Today, the Genesis Block serves as a reference “anchor,” used to configure wallets and other software that validate the entire blockchain.
There’s a series of great articles from 2019 that explain the Genesis Block’s background in detail from Dr. Wright himself. Before that, the Genesis Block was something of a mystery to the wider Bitcoin world. The main talking point was a message Satoshi Nakamoto placed inside Block 0’s coinbase hash: “Chancellor on brink of second bailout for banks,” meant as a timestamp to mark Bitcoin’s first appearance amid the Global Financial Crisis of the time.
It also made a point about governments intervening in the economy and financial markets (and how, eventually, this would degrade the quality of both). Often misinterpreted as anti-bank and/or anti-government, the reasons for its inclusion have since been fleshed out by Dr. Wright: government and banks still have important roles to play, but both should stay in their own lane.
Unfortunately, and perhaps inevitably, Satoshi’s warning went unheeded by the powers, and Western economies continue to lurch ever closer to the cliff. More fortunately, some did heed the message, and these people spent the next decade or so becoming “Bitcoiners.”
Even Bitcoiners didn’t listen to the Genesis Block warning
But even Bitcoiners weren’t immune to the same temptations and irresponsibilities that prompted Bitcoin’s invention in the first place. Today’s “crypto industry,” as the mainstream media calls it, is a sandcastle economy built below the tideline, consisting mainly of speculative trading and get-rich-quick schemes.

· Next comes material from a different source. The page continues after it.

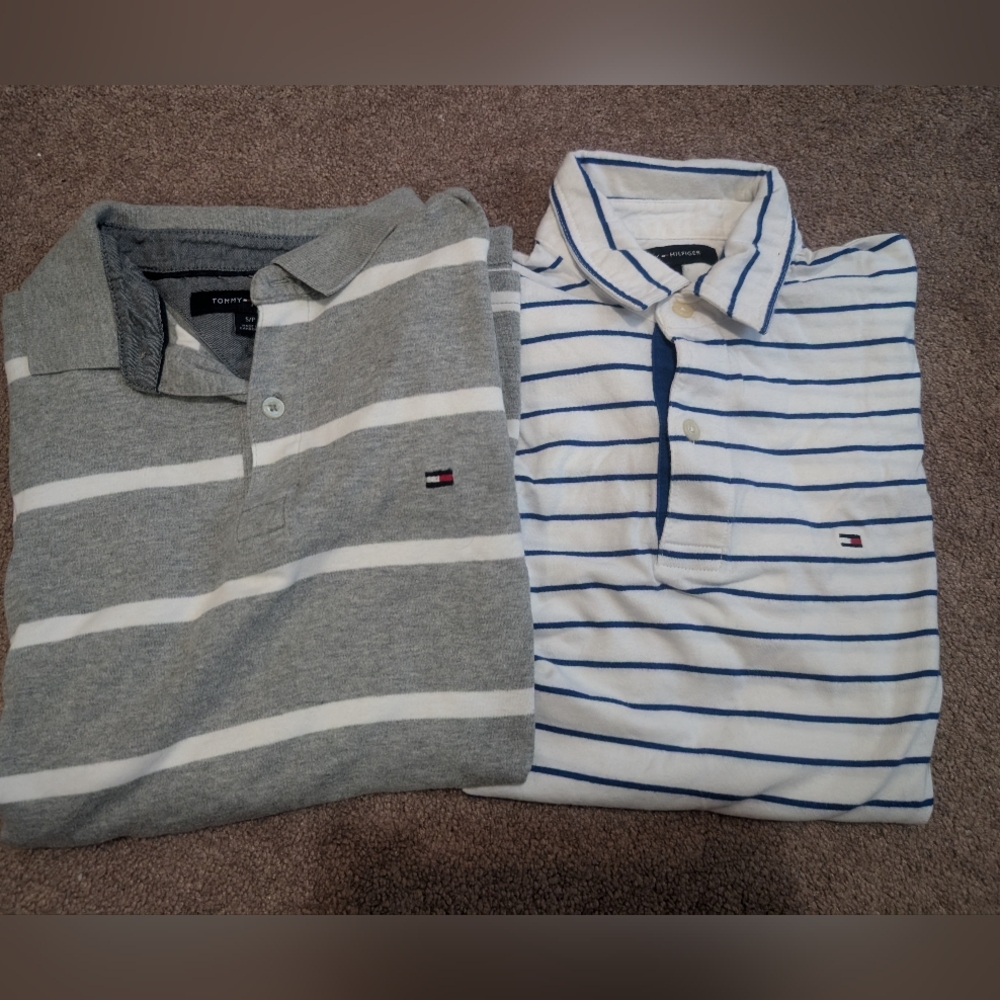 Tommy Hilfiger Men Polo Tee Set of Two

Far more energy and attention go toward ensuring the “numbers go up” or an ever-increasing BTC price.
Bitcoin would never have gained a user base if it cost $30 to send a single transaction of any size. Today, though, it’s not uncommon to see that on the BTC network, which claims to be the “true Bitcoin” due to its larger fanbase (which, again, is mostly speculative gamblers). In truth, BTC is neither the longest Bitcoin blockchain nor the “heaviest.” BSV, which is still the only blockchain following Satoshi’s original protocol rules, has a longer blockchain and one that contains more data overall.
BSV is still the “peer-to-peer electronic cash system” of the Bitcoin white paper’s 2008 title. The average fee in its current newest block (#824408) was 0.00000187 BSV, or US$0.000108. There are no limits on how much data can go on-chain, making it useful for financial transactions and anything else that needs to be recorded and verified—from enterprise-tier business contracts and applications to IPv6 agricultural IoT devices with unique IP addresses recording weather conditions every few seconds.

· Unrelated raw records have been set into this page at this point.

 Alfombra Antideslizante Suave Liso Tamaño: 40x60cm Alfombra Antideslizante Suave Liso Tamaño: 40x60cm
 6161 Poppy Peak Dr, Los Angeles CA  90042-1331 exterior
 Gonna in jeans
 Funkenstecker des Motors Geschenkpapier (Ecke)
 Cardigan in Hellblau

We can’t understate the benefits of an internet where the world’s data is recorded permanently, timestamped and auditable forever. Information on today’s internet is routinely changed or deleted to alter the historical record in an Orwellian fashion. It is at the mercy of a cartel of technology industry giants and government policymakers rather than the individuals or organizations that created it.
“Free the markets, free the world” was an unofficial early Bitcoin slogan. Today, we understand that data ownership and control are what will set us free. This concept breaks the slavery chains put around our ankles by the technology giants who’d prefer us to stay dumb, quiet, and entertained, but only by the entertainment they deem acceptable. Big Data should be about a decentralized data economy, where those who create the information can earn income from it, and only a blockchain that stores this kind of information will make the true data economy a reality.
The Genesis Block is an essential anchor in many ways. To software code, it’s a reference point to validate everything that came after it. For humans, it’s a reminder that Bitcoin was supposed to change the world. That hope remains.